Voting intention on the KnowledgePanel
Our pre-election test of our KnowledgePanel, replicating in large parts our previous telephone methodology, successfully estimated most party vote shares within the margin of error, but overestimated Labour and underestimated Reform UK. Other than the obvious change of mode, since then we have made further changes to our method to improve our estimates:
- Stratifying by past vote. Probability samples do not use quotas in the same way that opt-in surveys do. Instead, invited samples are usually ‘stratified’, meaning the sample is randomly selected to take part, but controls are imposed to ensure it is representative on key characteristics. Being able to collect voting information the day after the general election means we are able to stratify our sample on past vote collected very near the time, ensuring it is balanced in terms of 2024 vote, but mitigating against issues related to false recall.
- Prompting for Reform UK. Up to and including the 2024 election, our voting intention question only prompted for the Conservatives, Labour, Liberal Democrats and SNP and Plaid Cymru in Scotland and Wales respectively, other smaller parties not prompted. Indeed, in 2024 our CATI methodology got the Reform UK share exactly right without prompting. Since then, though, given the wide appeal of Reform UK, and reflecting that our KnowledgePanel slightly underestimated them, we are now prompting Reform UK alongside other major parties.

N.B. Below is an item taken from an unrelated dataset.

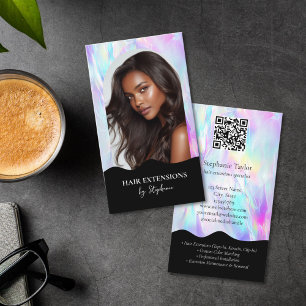 Holograph Luxury Hair Stylist Extensions Wig Photo Business Card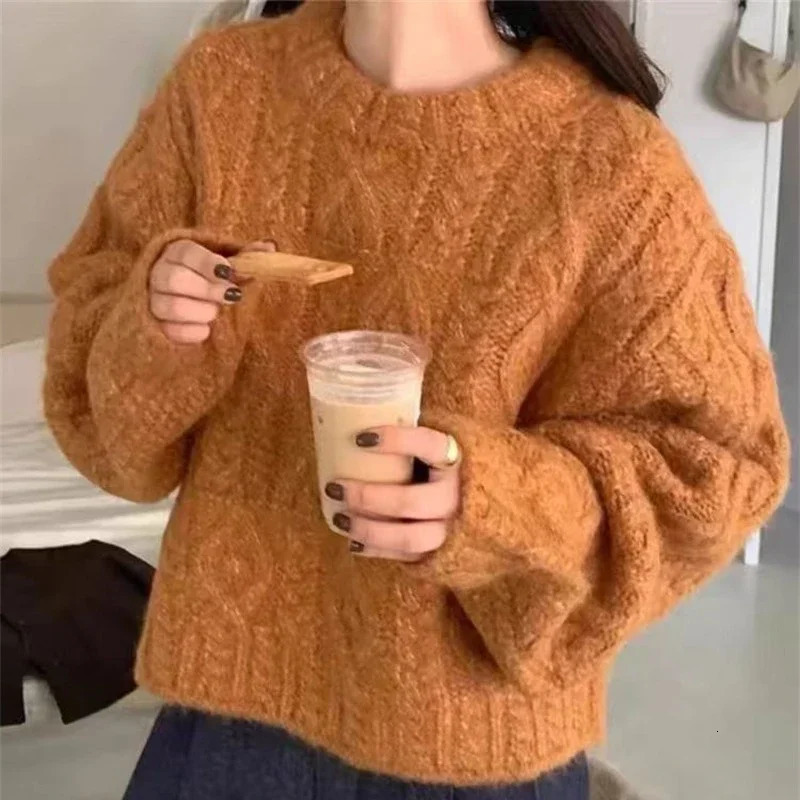 Autumn and Winter O Neck Loose Retro Korean Womens Pullover Sweater Lazy Style Casual Versatile Thick Long Sleeve Knitted Tops 251013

- Updating our weighting scheme. Alongside our longstanding weighting scheme which we have developed over years of conducting political research (age and gender, region, ethnicity, qualifications, work status and work sector (public sector/other), social grade (office coded), number of cars in household), we are now also weighting on print and digital newspaper readership (our previous approach only included print papers) and constituency type (marginal/non-marginal), and have also updated sources used for some of the other targets (such as public sector workers). The results of our 2024 KP prediction test at the time of the election, and the impact of the new weighting scheme specifically on that, is shown below. This suggests the new weights improve the accuracy of the KP prediction to within the margin of error for all parties, though still showed a slight overestimate of Labour and underestimate of Reform UK, which our other changes aim to address.

Other questions
Finally, as we always say it is a mistake to focus too much on voting intention figures and ignore the many other important findings from a poll. Along with voting intention, we have also asked our longstanding satisfaction rating questions on our KnowledgePanel survey, continuing trends going back to the late 1970s. This also means we have to be aware of any mode effects moving from an interviewer administered survey to one done by participants online. Fortunately our satisfaction questions are very straightforward, which helps to minimise mode effects, and indeed our testing suggests there is very little difference in the ratings of the government and Prime Minister (an average of about 1 percentage point). There is slightly more difference in the ratings of leaders of other parties (who tend to have higher don’t knows), with KP being on average 4ppts more negative to leaders of opposition parties from across the political spectrum. We will continue to monitor this, but in the meantime will make trend comparisons on ratings of government and Prime Minister, but not for leaders of other parties yet.
Overall, we believe our KnowledgePanel is based on robust methodological principles, and the improvements made since the 2024 election help reduce biases we saw at the time. It is still the case that all surveys are subject to sources of error, and rather than focusing too much on a single poll results should be interpreted in the round along with other sources of data. As always, we'll continue to review our new approach, and make more adjustments if necessary as we conduct more analysis.